“I have everything”: Exploring the final years Tina Turner spent in Switzerland
When you’re one of the biggest stars in the world, finding a true escape seems unfathomable – it took Tina Turner some searching to finally uncover where she felt at home.
Considering all the struggles and strife she endured right from her upbringing in Nutbush, Tennessee, all the way up to the height of the world stage, Turner’s story was the true exemplification of the fact that fame is often far from rosy, and does not make anyone immune from tragedy or hardship in any form.
Yet from her rural upbringing in the devoutly religious grip of her family, something about Turner – or Anna Mae Bullock as she was first known – always seemed instinctively all-American… it was the country that made her, broke her, and eventually wrapped her up in their arms as their own homegrown star.
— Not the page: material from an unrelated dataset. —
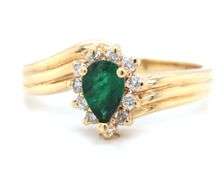 Feminine 14k Yellow Gold Ring with Pear Shaped Emerald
However, the reality is that this was far from the truth… What’s more, Turner was keenly aware of it, and even in the height of the stardom she had so long fought for, she pined to escape, and the stars and the stripes once pretended to promise greatness, but for her, in the end, they became more like shackles.
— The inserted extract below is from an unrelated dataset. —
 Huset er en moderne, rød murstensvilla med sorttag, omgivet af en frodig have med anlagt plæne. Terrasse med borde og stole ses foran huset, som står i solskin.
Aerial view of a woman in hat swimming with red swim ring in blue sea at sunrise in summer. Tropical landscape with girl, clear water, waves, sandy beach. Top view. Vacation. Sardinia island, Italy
It was never better proven than in the 60 Minutes interview she gave in 1996, with a three-month tour of Europe being planned for that year, where she was expected to make $100 million. The journalist, Mike Wallace, was stunned – he had no concept that she was such a huge deal on the continent across the ocean.
“No one in America knows that,” Turner replied, a solemn testament to the truth she had known for quite some time.
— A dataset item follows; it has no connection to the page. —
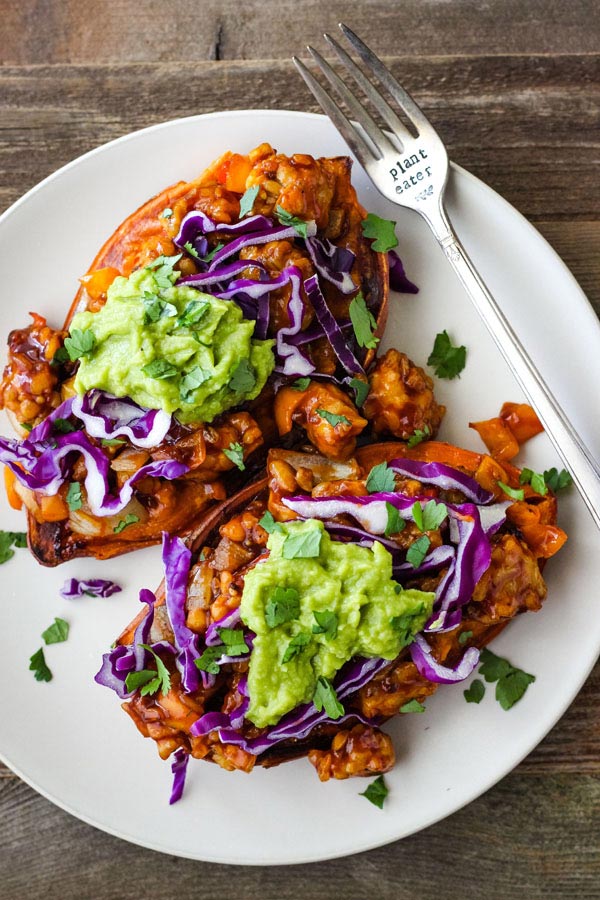 Tempeh stuffed sweet potatoes on a white plate.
Plainly, the US never realised the gift that they had in her presence. They robbed her for so long of the stardom she truly deserved, only to lavish it on her so forcefully when it finally arrived that it ended up coming across as insincere. But then came the protectiveness and shallow-mindedness. She was theirs and no one else’s, even though this was extremely far from the case.
What Turner actually knew to be true was the fact that Europe was the place where she was not only more popular, but where she would be treated with a greater sense of respect and certain anonymity that America could never even conceive of. In no small degree, that could also be attributed to Erwin Bach.

The German label executive who signed the singer to EMI in 1986 to launch her career comeback also morphed into her romantic soul mate, with Turner saying it was “love at first sight” from the second she set eyes on him at Düsseldorf Airport – together, just under a decade later, they moved to Switzerland, where she remained happy for the rest of her days.
The rugged country, a far cry from the glare of the stage and the scream of the fans, offered all the peace and contentment that Turner ever needed, and she felt no longing to ever return to where she came from, saying in 2019, “I have everything… When I sit at the Lake Zurich, in the house that I have, I am so serene. I have no problems.”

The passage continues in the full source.